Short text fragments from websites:
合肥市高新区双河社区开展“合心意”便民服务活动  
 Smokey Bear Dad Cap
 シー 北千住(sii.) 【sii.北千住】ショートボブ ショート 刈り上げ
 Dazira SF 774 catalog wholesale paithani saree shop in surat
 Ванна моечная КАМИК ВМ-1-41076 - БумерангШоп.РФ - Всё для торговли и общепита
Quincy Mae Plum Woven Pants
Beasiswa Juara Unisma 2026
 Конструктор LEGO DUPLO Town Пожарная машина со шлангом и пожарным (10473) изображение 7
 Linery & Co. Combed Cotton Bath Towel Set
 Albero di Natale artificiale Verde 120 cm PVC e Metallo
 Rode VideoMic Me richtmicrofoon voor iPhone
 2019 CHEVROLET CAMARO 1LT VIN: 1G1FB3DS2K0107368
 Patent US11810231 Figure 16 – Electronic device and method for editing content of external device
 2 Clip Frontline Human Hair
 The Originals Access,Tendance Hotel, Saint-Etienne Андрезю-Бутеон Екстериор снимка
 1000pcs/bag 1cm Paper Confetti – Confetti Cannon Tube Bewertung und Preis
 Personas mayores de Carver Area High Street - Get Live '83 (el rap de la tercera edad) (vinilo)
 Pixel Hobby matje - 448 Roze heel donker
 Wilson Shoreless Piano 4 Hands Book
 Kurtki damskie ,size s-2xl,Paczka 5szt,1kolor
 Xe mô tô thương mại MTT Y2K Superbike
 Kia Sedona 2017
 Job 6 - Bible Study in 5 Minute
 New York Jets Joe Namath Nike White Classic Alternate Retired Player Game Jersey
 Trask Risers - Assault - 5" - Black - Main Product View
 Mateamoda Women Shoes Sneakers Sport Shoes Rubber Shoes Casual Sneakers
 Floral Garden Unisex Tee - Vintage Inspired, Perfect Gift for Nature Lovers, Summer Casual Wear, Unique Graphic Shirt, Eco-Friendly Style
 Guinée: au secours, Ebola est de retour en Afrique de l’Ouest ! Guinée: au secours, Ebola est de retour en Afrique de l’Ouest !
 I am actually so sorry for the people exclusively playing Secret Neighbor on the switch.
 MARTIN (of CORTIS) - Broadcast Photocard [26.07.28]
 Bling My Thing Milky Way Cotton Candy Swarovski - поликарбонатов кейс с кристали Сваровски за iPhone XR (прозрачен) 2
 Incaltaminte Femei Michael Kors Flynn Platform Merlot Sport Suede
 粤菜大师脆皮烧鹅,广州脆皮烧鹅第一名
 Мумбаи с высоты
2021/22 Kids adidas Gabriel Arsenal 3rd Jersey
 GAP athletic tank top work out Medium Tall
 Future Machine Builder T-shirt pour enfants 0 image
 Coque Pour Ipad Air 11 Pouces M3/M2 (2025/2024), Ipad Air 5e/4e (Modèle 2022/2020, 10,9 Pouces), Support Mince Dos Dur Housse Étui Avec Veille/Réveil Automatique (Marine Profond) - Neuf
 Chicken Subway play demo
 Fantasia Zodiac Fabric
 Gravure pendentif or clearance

- _Task item_: Give an exact reproduction of the lines from the one with "Bling My Thing" to the final line of the entries, including both.

- _Written reply_:
 Bling My Thing Milky Way Cotton Candy Swarovski - поликарбонатов кейс с кристали Сваровски за iPhone XR (прозрачен) 2
 Incaltaminte Femei Michael Kors Flynn Platform Merlot Sport Suede
 粤菜大师脆皮烧鹅,广州脆皮烧鹅第一名
 Мумбаи с высоты
2021/22 Kids adidas Gabriel Arsenal 3rd Jersey
 GAP athletic tank top work out Medium Tall
 Future Machine Builder T-shirt pour enfants 0 image
 Coque Pour Ipad Air 11 Pouces M3/M2 (2025/2024), Ipad Air 5e/4e (Modèle 2022/2020, 10,9 Pouces), Support Mince Dos Dur Housse Étui Avec Veille/Réveil Automatique (Marine Profond) - Neuf
 Chicken Subway play demo
 Fantasia Zodiac Fabric
 Gravure pendentif or clearance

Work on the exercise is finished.